Each line below must be reproduced exactly, though the pictures are to be dropped.

Given information:
—————

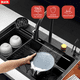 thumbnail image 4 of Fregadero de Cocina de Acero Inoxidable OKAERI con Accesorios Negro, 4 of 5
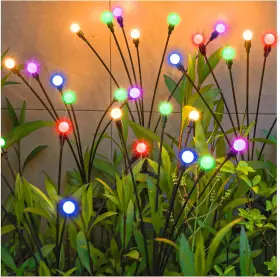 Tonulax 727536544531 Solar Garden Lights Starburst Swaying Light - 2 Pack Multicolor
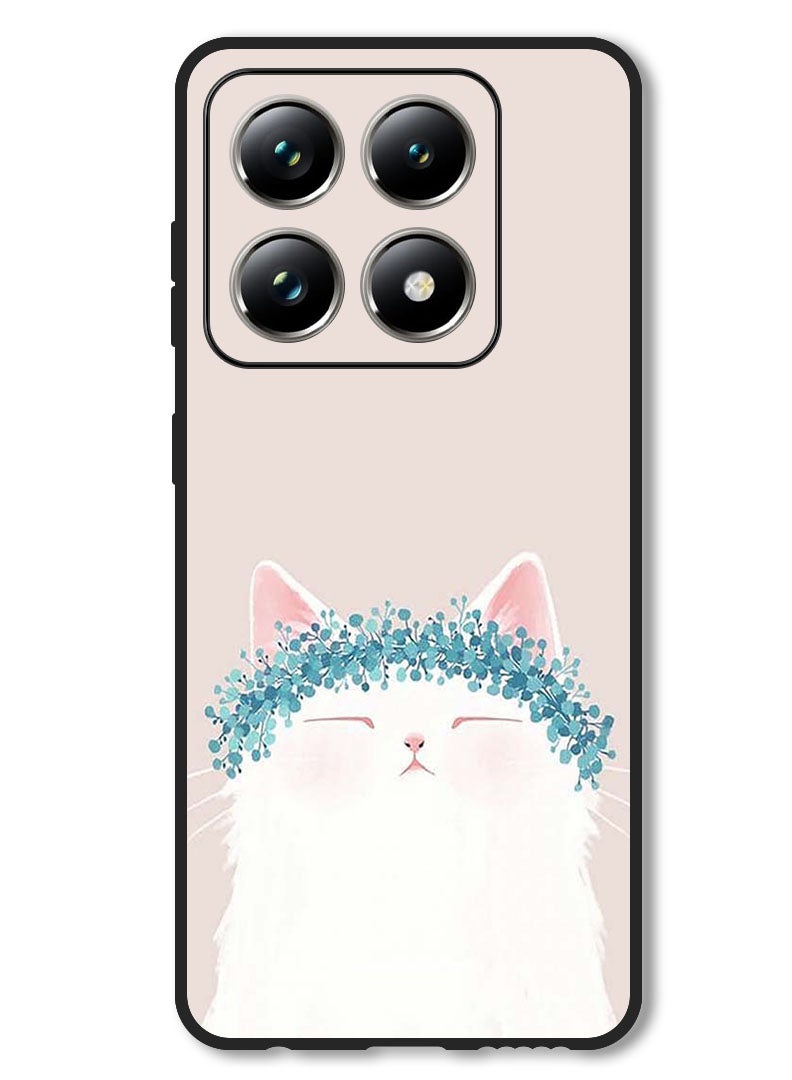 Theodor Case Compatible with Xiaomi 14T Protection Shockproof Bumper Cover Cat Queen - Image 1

—————

Response to this exercise:
 thumbnail image 4 of Fregadero de Cocina de Acero Inoxidable OKAERI con Accesorios Negro, 4 of 5
 Tonulax 727536544531 Solar Garden Lights Starburst Swaying Light - 2 Pack Multicolor
 Theodor Case Compatible with Xiaomi 14T Protection Shockproof Bumper Cover Cat Queen - Image 1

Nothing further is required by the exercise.